Let’s face it: Not all fences are created equally; and while installing any type of fence in the backyard for pets is better than not having a fence at all, there are many factors to consider before purchasing including cost, material, and intrusive wildlife. For now, let’s discuss why it’s best to stay clear of chain-link fences and in-ground wireless fences for pet playtime.
Chain Link Fences
Chain-Link Fences are one of the most commonly used fence types to secure dogs in yards. While cost may be a contributing factor for why homeowners choose chain-link fences, there are major turn-offs that will make pet owners think twice about using them. For starters, chain-link fences are a pain to install without the help from professional installers (adding to the cost of the fence). They are heavy and hardly pliable. To make matters worse, chain-link fences are ugly; and they cheapen the look of houses. For homeowners that have placed houses on the market for sell, the elegance of the fence could be a deterrent for perspective home buyers.

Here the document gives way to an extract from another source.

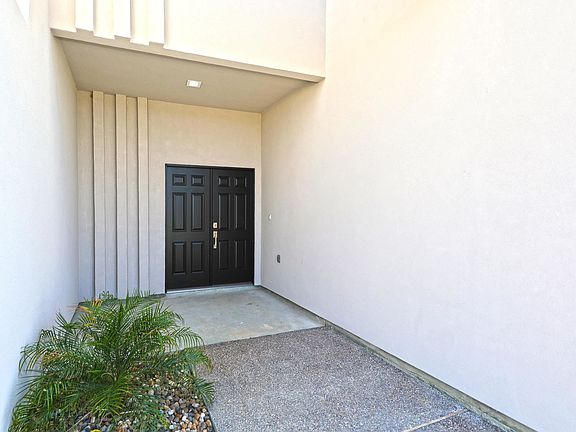 3rd image of 1711 Coba Dr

Chain-link fences will eventually corrode because they are strictly made from a galvanized steel that will become brittle from years in the sun, rain, and other environmental elements; and for pet owners with dogs that like to chew, they will find themselves with a mouth full of rust.

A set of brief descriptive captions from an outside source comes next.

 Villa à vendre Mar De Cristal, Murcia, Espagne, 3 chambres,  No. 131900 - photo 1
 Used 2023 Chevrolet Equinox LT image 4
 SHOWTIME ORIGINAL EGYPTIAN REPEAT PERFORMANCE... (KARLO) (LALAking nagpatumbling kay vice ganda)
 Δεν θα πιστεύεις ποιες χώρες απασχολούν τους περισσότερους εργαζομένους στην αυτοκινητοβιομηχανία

Electronic fences can be great training tools for puppies to teach them where they can and cannot go around homes; but overall, this type of fence is the most inhumane type of fence. Wireless fences use underground transmitters to deliver a harsh noise or shock to dogs to teach them a lesson. When pet owners use this type of fence, what they are really teaching animals is to be scared to walk the perimeter of the yard. Wireless fences are psychologically and physically damaging and should not be used on any dog breeds. The health of animals is far more important than the exterior look of a property.
There are pet fences on the market that are both aesthetically pleasing and harm-free for animals. For pet owners looking for alternatives to chain-link fences and in-ground dog fences, they should consider trying a polypropylene or PVC-coated steel fence.

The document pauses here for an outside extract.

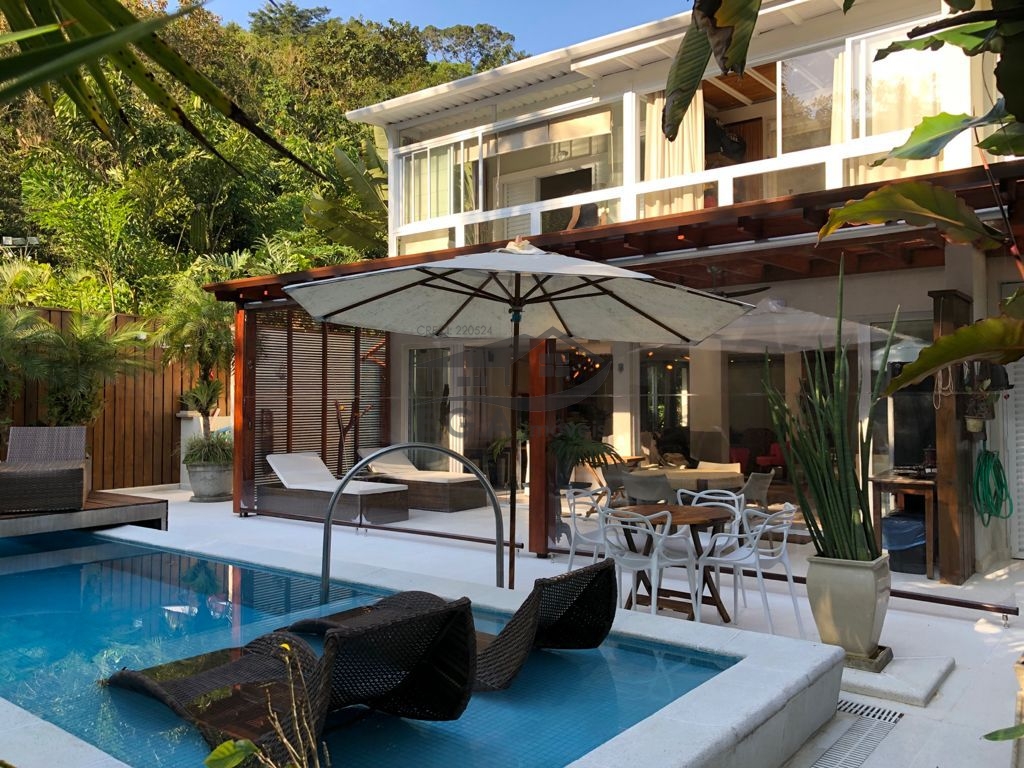 Casa na praia de juquey alto padrão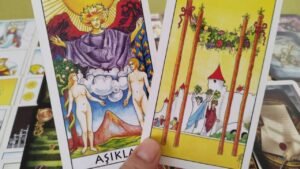 Leia mais sobre o artigo AKLINDAKİ KİŞİ❤ 💌NE GİBİ KARARLAR ALDI❤ 🧿💯#tarotfalı #aklımdakikişihakkımdanedüşünüyor #keşfet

There are many reasons why these fences are better for both homeowners and pets. For one, many homeowners’ associations frown on fences that obtrude neighbor’s views of landscapes. However, these fences are black in color and will blend into landscapes. They are also lightweight and easier to work with than chain-link fences. Most importantly, they will not hurt domestic and non-domestic animals including feral cats and wildlife. The type of fence, including height, will depend on the attributes of the dog.
Poly Dog Fences
Plastic dog fences are an excellent choice for small and low energy dogs. Poly dog fences are lightweight and easy to assemble for the general homeowner. Additionally, they are UV-stabilized and will stand up to severe weather conditions. While this material is not chew-proof, it does have a certified breaking strength between 650 pounds – 1400 pounds and will last 10-20 years outdoors.
PVC-Coated Metal Dog Fences
For pet owners with large and rambunctious dogs that jump, chew and dig, it’s best to stay clear of plastic dog fences. Instead, a metal dog fence with PVC-coating is better suited to secure these types of dogs. Like poly dog fences, these fences are easy, DIY projects. While chain-link fences are stronger than plastic fences, they are not coated in PVC; and thus, do not offer added material protection. PVC prevents chew marks from reaching metal fence mesh while working to protect steel from sun and rain exposure. Metal dog fences are decorative around landscapes and will last up to 30 years.
Dogs require at least 30 minutes of daily activity to stay fit; and fences are a convenient way to allow dogs to play with other animals; bond with pet owners; and get fresh air. Pet owners want what’s best for their animals; and that is why it’s best to choose a safe pet fence that will keep them satisfied for many years.